You see as we grow up, we picture our perfect lives, married with 2 kids a dog or two, maybe a cat, and a yard for them to play in. Then from the moment the pregnancy test says “positive” you start dreaming about their perfect life too. So much of this is programmed into you from as far back as childhood, and its good. We all want and should want good lives we can be proud of. But when the doctor says “Autism” and then says the list of “Nevers” that inevitably will follow, that vision that you have cultivated your whole life shatters. All of a sudden you are struggling to understand your new reality and often jump into action so fast that you never let yourself process the trauma. So, the grief will come in waves, silent moments where you let yourself- just for a moment- let go, not hold on so tight and have the needed breakdown. You don’t wallow, you don’t have time for that but you do need these moments to be honest with yourself and heal. These moments not only allow you to heal, they change you. Each time you stop, pause and grow- you mature and develop into the new you.

The person you are becoming is so much stronger than you thought capable, this new you can hear the words that use to cut like a knife, the new you can see the progress of your child, despite the setbacks and challenges. And the new you can fight for your child in ways no one else can and ways you never thought possible. You will find endurance to stay up all hours researching, you will find hope in others stories, you will find solutions in resilience.
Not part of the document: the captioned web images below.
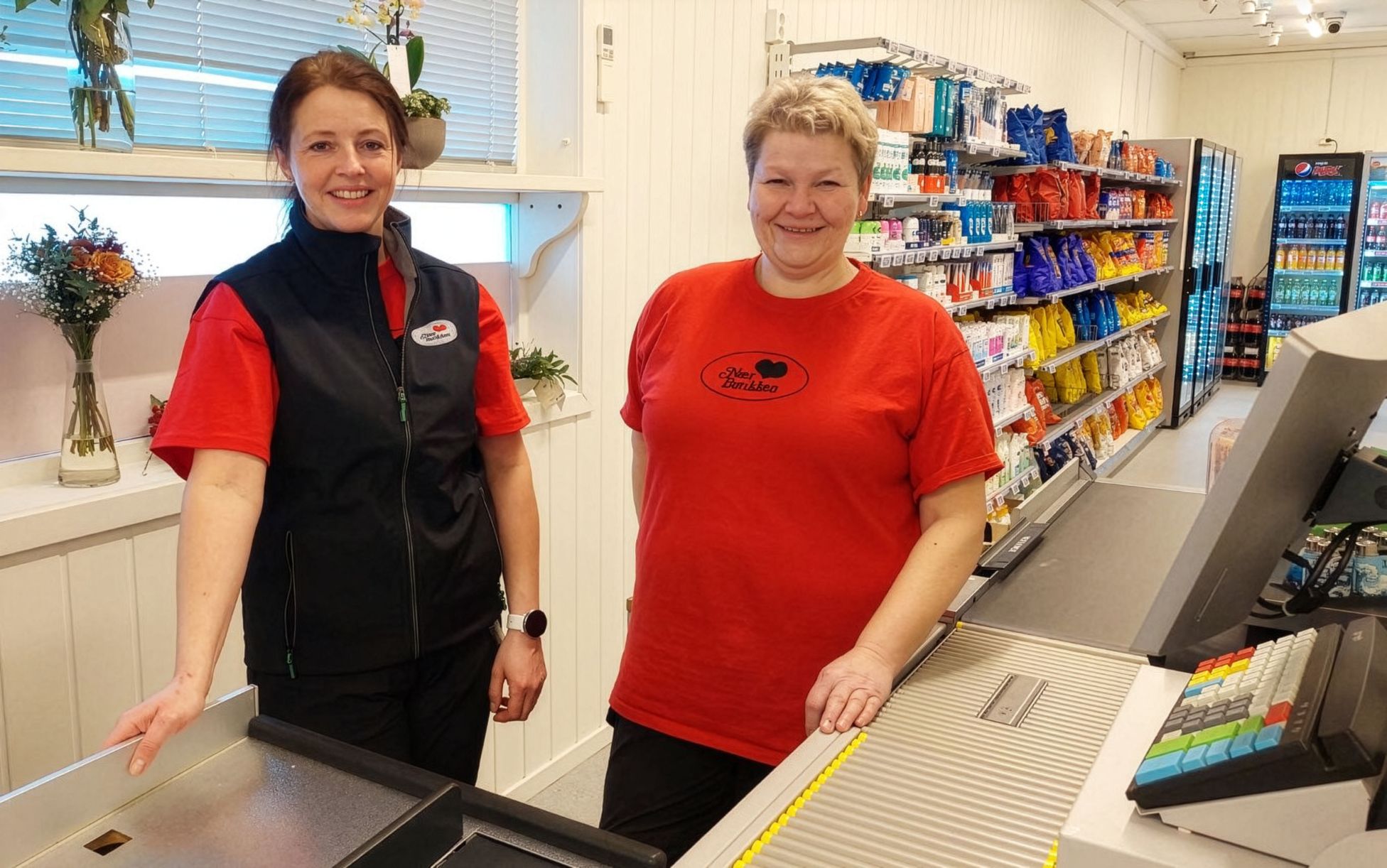 To kvinner som står bak kassen i en dagligvarebutikk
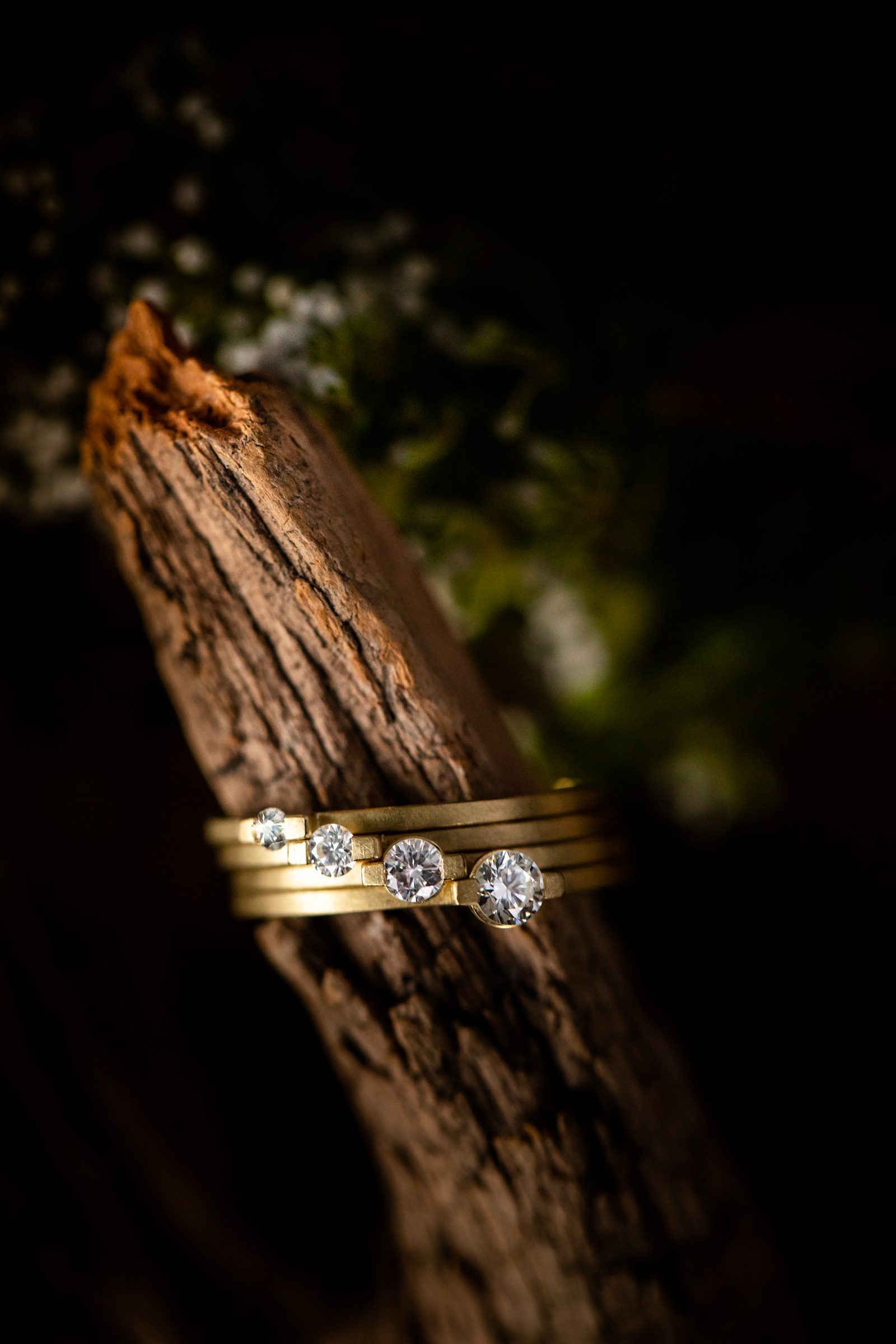 Mehrere schmale Goldringe mit Diamanten übereinander an einem Stück Holz, dahinter Grün und kleine weiße Blüten, Schmuck von Marion Knorr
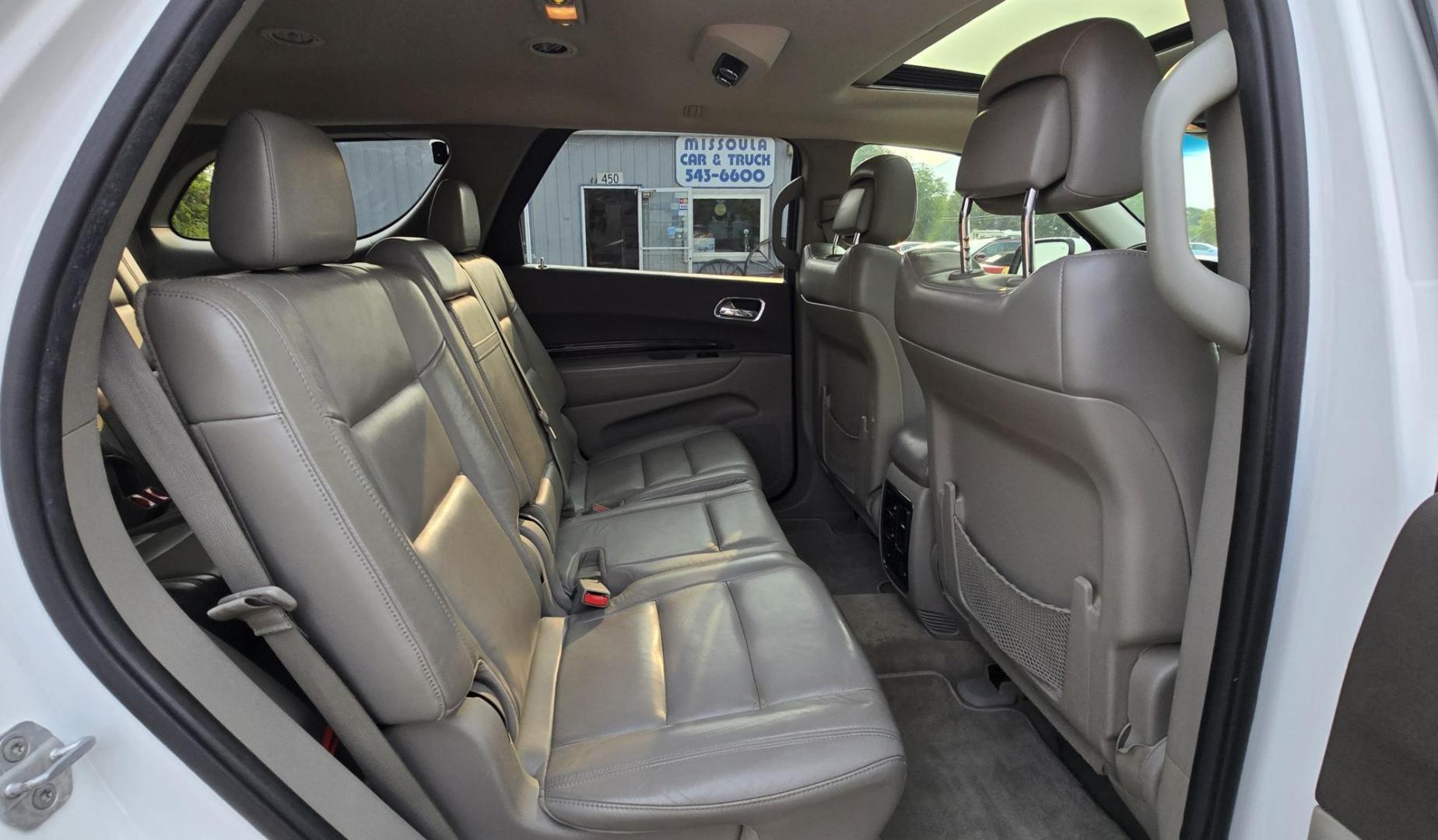 2013 White /Black Dodge Durango Crew AWD (1C4SDJDT7DC) with an 5.7L V8 OHV 16V engine, 5-Speed Automatic transmission, located at 450 N Russell, Missoula, MT, 59801, (406) 543-6600, 46.874496, -114.017433 - 5.7 Hemi Powered AWD SUV. 3rd Row Seating. Power Sunroof. Remote Start. Heated Leather Front Seats. AM FM SAT CD Player. Navigation. Bluetooth Audio and Phone. Backup Camera. Air. Cruise. Tilt. Lots of Power to Play and the Room of a Family Car. - Photo#10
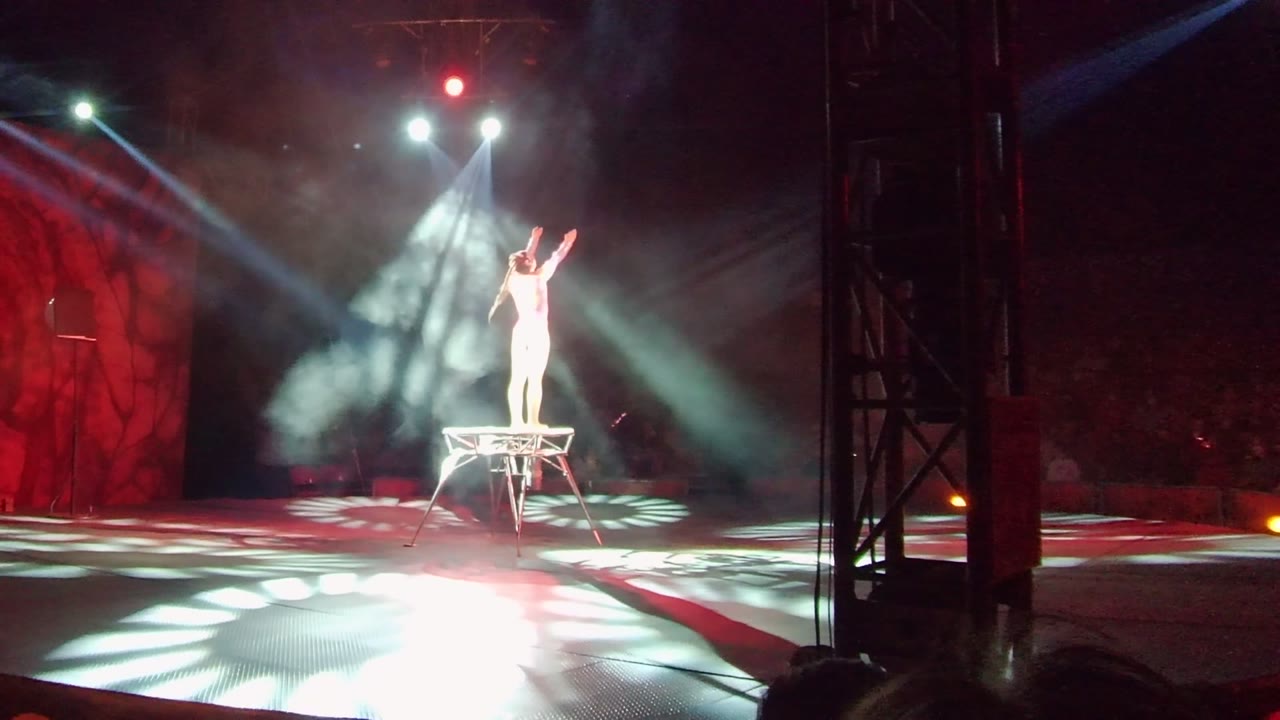 Performer in white stands on a platform with both arms raised.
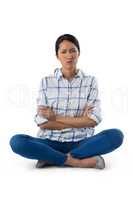 Worried woman sitting with arms crossed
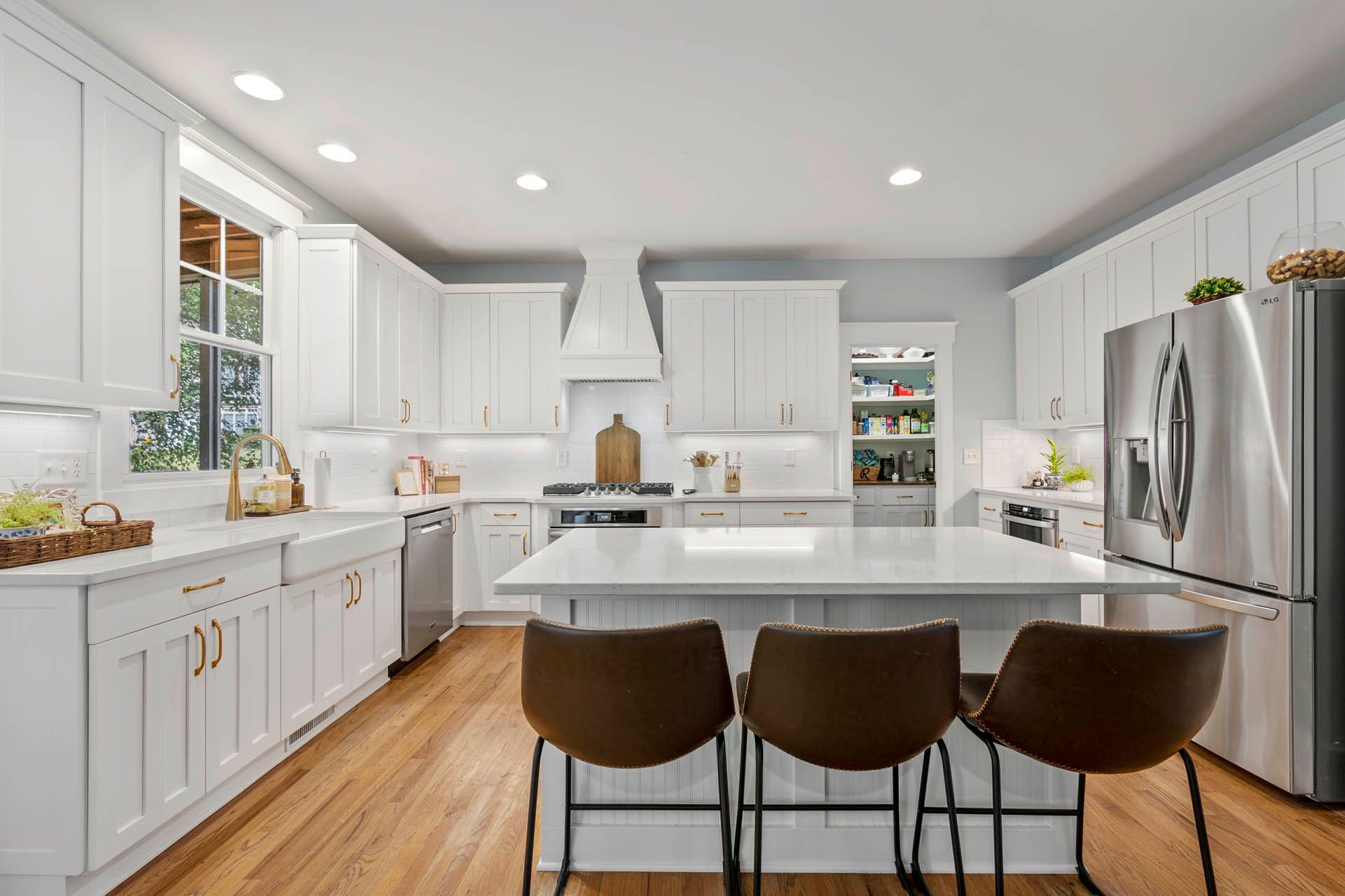 Bright white kitchen with island and three brown barstools, featuring stainless steel appliances and wooden floors.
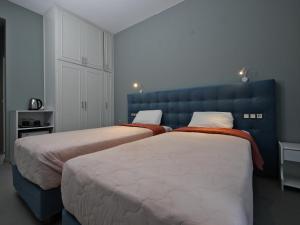 Postel nebo postele na pokoji v ubytování Hotel Marvel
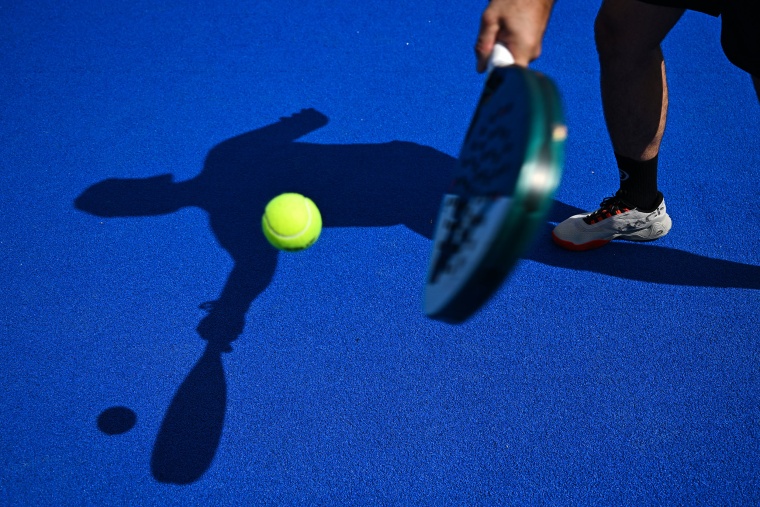 The padel, a mixture of tennis and squash, is played in teams of two on a court that is typically surrounded by glass walls which players can bounce balls off.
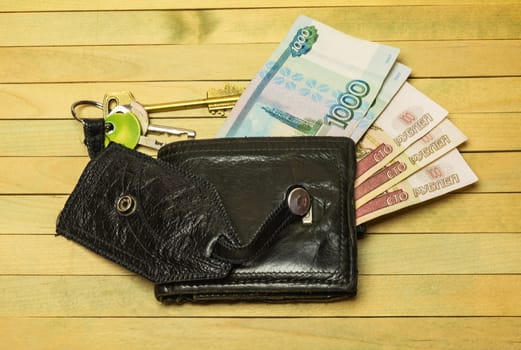 On a wooden surface lie the keys and unbuttoned the purse from which money can be seen euro banknotes
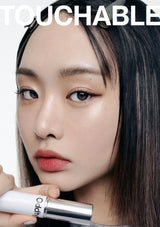 Close-up of a person holding a lipstick with 'TOUCHABLE' branding.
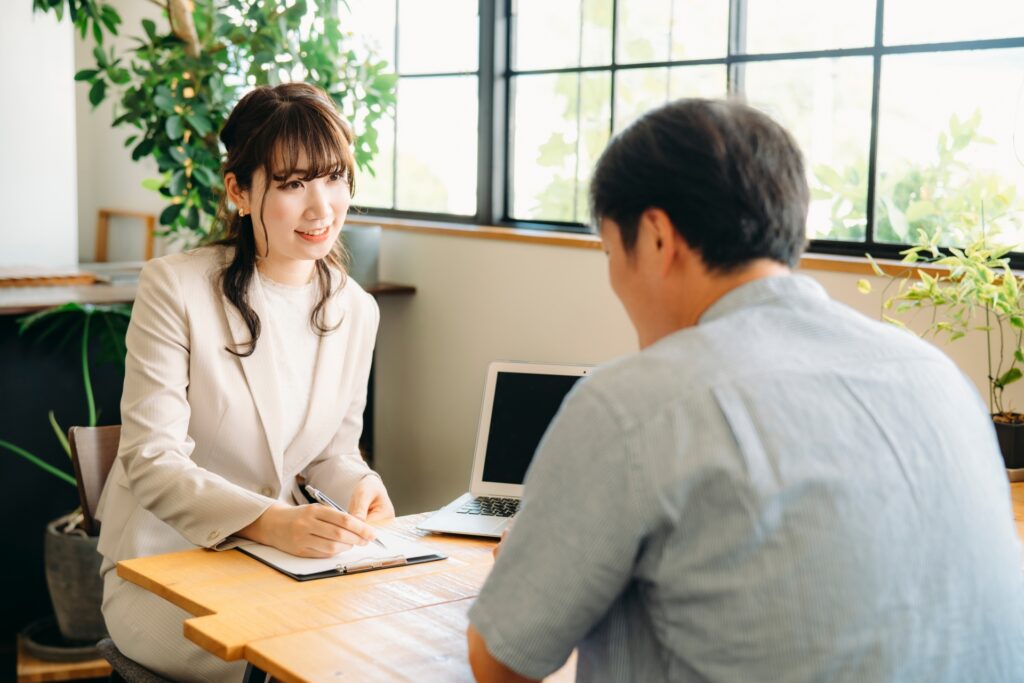 デスクで奥に女性、手前に男性が座りながら話している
You will find friendship in others grief and you will prevail in being your child’s champion.

Do not lose heart in being sad, worried or overwhelmed. Know that each of these moments is shaping you into a warrior. You very likely are in for the fight of your life and it is certainly the fight of your child’s life, but should you overcome the 1,000 battles and endless war- you will have managed to help your child become their best and you can rest knowing that the dream you had for them once upon a time has been replaced with a bond and love that is indescribable. This new reality will fill you with a new vision of their future and if you really dial in you will see the thousand little miracles every day is made of.

I may have lost the idealistic, naïve, and short sided version of myself, but I now have perspective, love and hope. I can sympathize with others; I can understand pain and I can see hardships. Life can be hard, but it can also be beautiful. Learn to make your plans flexible and enjoy the moments along the way.